On 16 Mar 2010, at 12:59, Stathis Papaioannou wrote:

On 16 March 2010 01:39, Bruno Marchal <marc...@ulb.ac.be> wrote:

The problem is that "right" has no objective basis. It's like "good"
or "beauty": a concept made up by humans.


The concepts of moon, rock, galaxies, and numbers, are also made by human,
but they may relate to things no done by humans.
Let me (try to) give you a definition of beauty. X is beautiful relatively to universal Y, if universal Y is attracted by X. X is very beautiful if X attracts a large class of universal Y. X is universally beautiful if X
attracts all universal Y.

Good is a notion quite close to consciousness. We cannot define it, but we
know it most clearly than anything else.
Most people are clear about what they find good, in the instant (as opposed to long term effect which makes things having both good and bad aspects).

Subjective is true and undoubtable, but non definable, and non communicable,
still less institutionalizable.

Good is related to the partial ability that universal machines to get
partial and local level of satisfaction, sometimes eventually based on
universal goal (like "survive").

I tend to believe also in universal right. Although I doubt any temporal construction other than education, schools, academies, research institutes, can help to develop it. I would say that all universal machine have, at birth, the right to search happiness. It may be a moral duty to share the
tools facilitating that search.

But people may disagree in aesthetic and ethical judgements while they
will all agree on some matter of fact. If you say "good" is defined
for a machine in terms of that which helps it attain a goal that is a
good operational definition but then the problem is only deferred
until we consider the goal. A goal of destroying all intelligent
entities other than oneself is a perfectly legitimate one; there is no
logical contradiction and no incompatibility with physical reality in
it..

In case such a destruction is needed to satisfy some universal goal like surviving, then I can agree. Particular good and bad can be in the beholder's eyes, yet good and bad are lived as undoubtable or true, and can have objective roots in computer science. Killing all the others may be contradictory on epistemological levels or pragmatic one, etc. Self-destruction is usually bad and related to relatively bad things, with respect of universal goal (like surviving).



You obviously think that
public health care is morally wrong while others (probably most people
in the world) think that the lack of public health care is morally
wrong. You could have a rational discussion about, say, the efficiency
of public versus private health care, but with the core moral issue
you will reach an impasse, because your premises differ.


I may disagree. There is a quasi-universal reason for which health should be a public care, or at least a matter of making heathy people to provide the money. Why? Because if you don't force the healthy people to provide money to the medical system(s), then, it will be in the survival interest of the medical systems that there are as many unhealthy people as possible. The results will be like making efficacious and cheap medication illegal, and
encourage, by making legal, medications which are inefficacious and
unhealthy.

You could argue that would be the case with many privately provided
services; a mechanic should not be motivated to fix your car, for
example. Despite this obvious bias, mechanics still fix cars because
(apart from honesty and professional standards) they will not get
repeat business if the cars they fix keep breaking down: their
competitors who do a better job get the business instead.

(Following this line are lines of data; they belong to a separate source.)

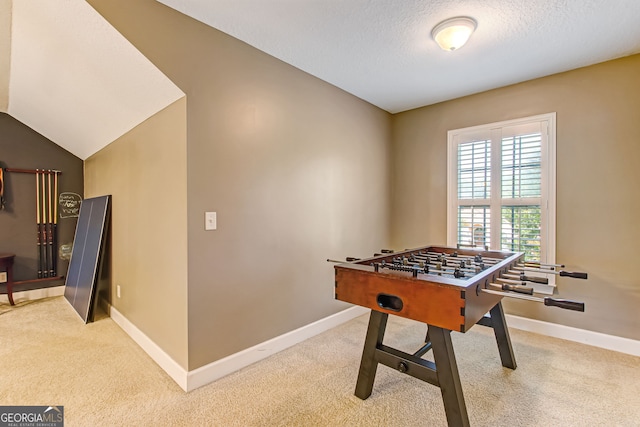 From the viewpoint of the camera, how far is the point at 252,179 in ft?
7.38

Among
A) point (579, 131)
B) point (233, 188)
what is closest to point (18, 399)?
point (233, 188)

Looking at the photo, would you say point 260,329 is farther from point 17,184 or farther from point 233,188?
point 17,184

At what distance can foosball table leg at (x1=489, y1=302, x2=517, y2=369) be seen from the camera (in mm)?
2133

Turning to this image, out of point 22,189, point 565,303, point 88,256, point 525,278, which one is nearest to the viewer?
point 565,303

I agree with you. The point was not so the private/state opposition, than the idea of making only the sick people to pay for their care. In many country state medicine handle better social solidarity. But private societies could do this too, in principle, but this leads naturally to different kinds of care for the rich and the poor. The same for education.

Now, the big pharmaceutical industry has no competitors, still less, when politics intervenes and makes illegal alternative medications. Here the private, due to monopole, is even worst than the states. Politics should not been allow to take decision in many health matter. It makes the state accomplice of the derailing of global health decisions.

Universal health care may be a Löbian right. All beings capable of suffering has the right to suffer the less possible, even when respectfully eaten.